# Advanced Certification in AIML
## A Program by IIIT-H and TalentSprint



## Learning Objective

At the end of the experiment, you will be able to:

*   visualize the high-dimensional data (3D) to low-dimensional data (2D) by applying t-SNE algorithm 
*   understand how the introduction of noise into data effects representation of data





In [None]:
#@title Experiment Walkthrough Video
from IPython.display import HTML

HTML("""<video width="854" height="480" controls>
  <source src="https://cdn.talentsprint.com/aiml/AIML_BATCH_HYD_7/Feb10/t_sne_new.mp4" type="video/mp4">
</video>
""")

## Dataset 

### Description

The dataset choosen for this experiment is a swissroll.

## Domain Information

Swiss Roll is a curled surface, where the distance between the points along the surface of the roll and direct distance is different.

If we just project a 2D plane onto a 3D space it would simply squash the various layers together and lose all the information like, geometry and similarity between points we wanted to capture. Instead, what we want is to unroll the Swiss roll, to obtain a 2D data set,  without much loss of information. This approach is Manifold Learning.

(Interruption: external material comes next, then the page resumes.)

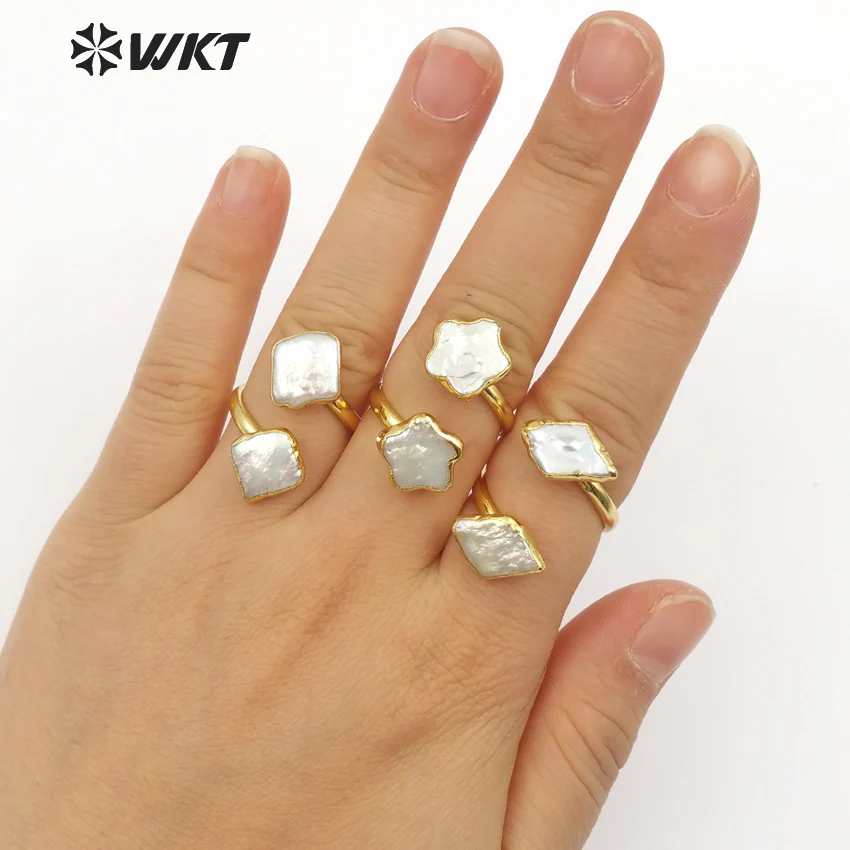Новинка элегантное Золотое кольцо WT R325 WKT для вечеринки стиль с геометрическими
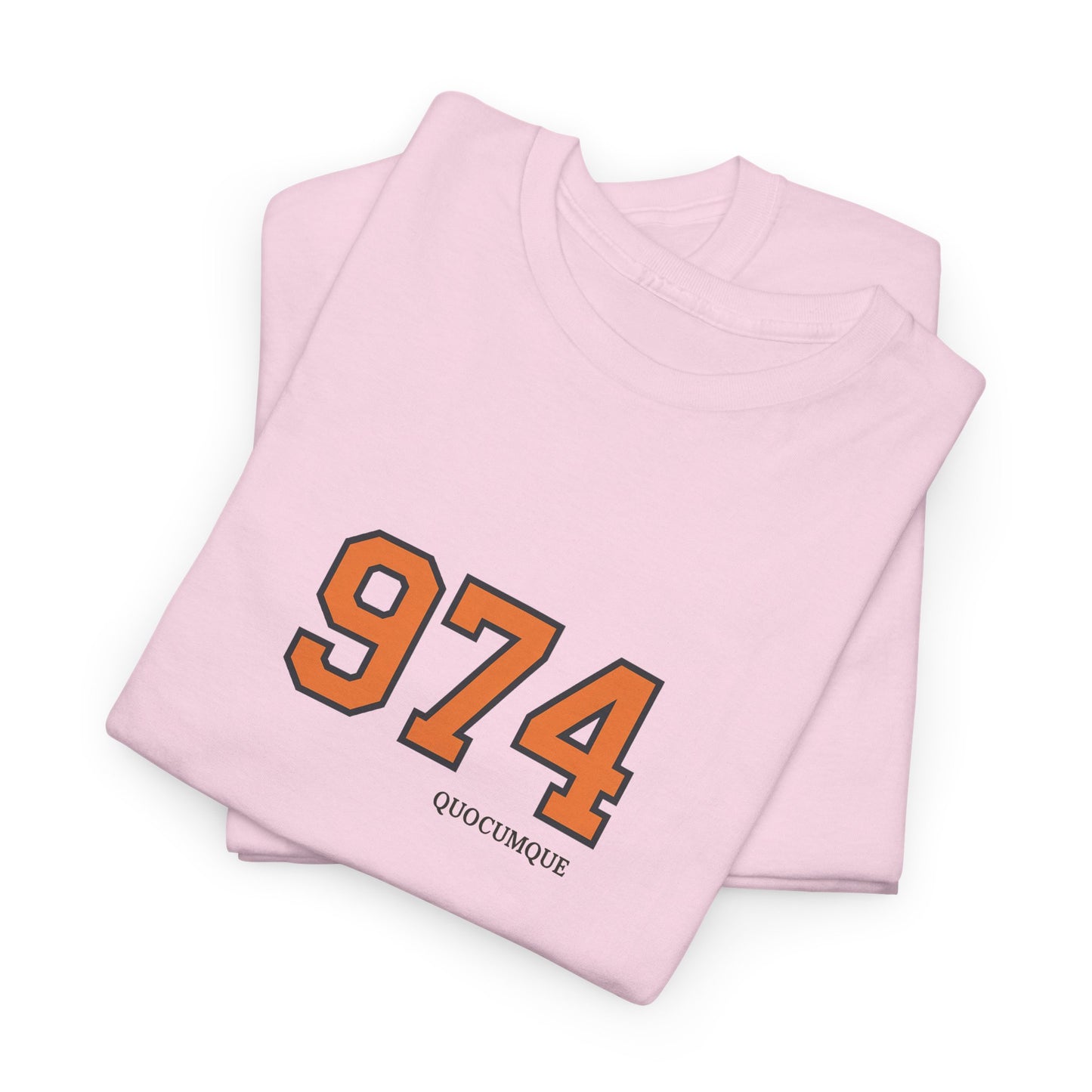 T-shirt " 974 ", Destination Île de La Réunion, Confort Coton, Sobre, Elégant, Souvenir Unique, Vêtement Adulte, Unisexe, Esprit Voyageur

Manifold Learning is when we bend and twist a high-dimensional space such that it can be mapped to a lower-dimensional space. It ensures that the optimal manifold is found by reducing the dimensionality of our data set.



## AIML Technique


In this experiment, swiss roll data is a high-dimensional dataset which is difficult to visualize. To aid visualization of the structure of the dataset, the dimension must be reduced in some way. One of the approaches to manifold learning is, **t-SNE**  which is a tool to visualize high-dimensional data by projecting it to low-dimensional data by converting similarities between data points to joint probabilities. These probabilities in the embedded space are represented by Student’s t-distributions. 

Generally,  t-SNE minimizes the divergence between two distributions: a distribution that measures pairwise similarities of the input objects in the higher dimension and the distribution that measures pairwise similarities of the corresponding low-dimensional points in the embedding.

 t-SNE maps the high-dimensional data to a low-dimensional space and attempts to find patterns in the data by identifying  clusters based on the similarity of data points.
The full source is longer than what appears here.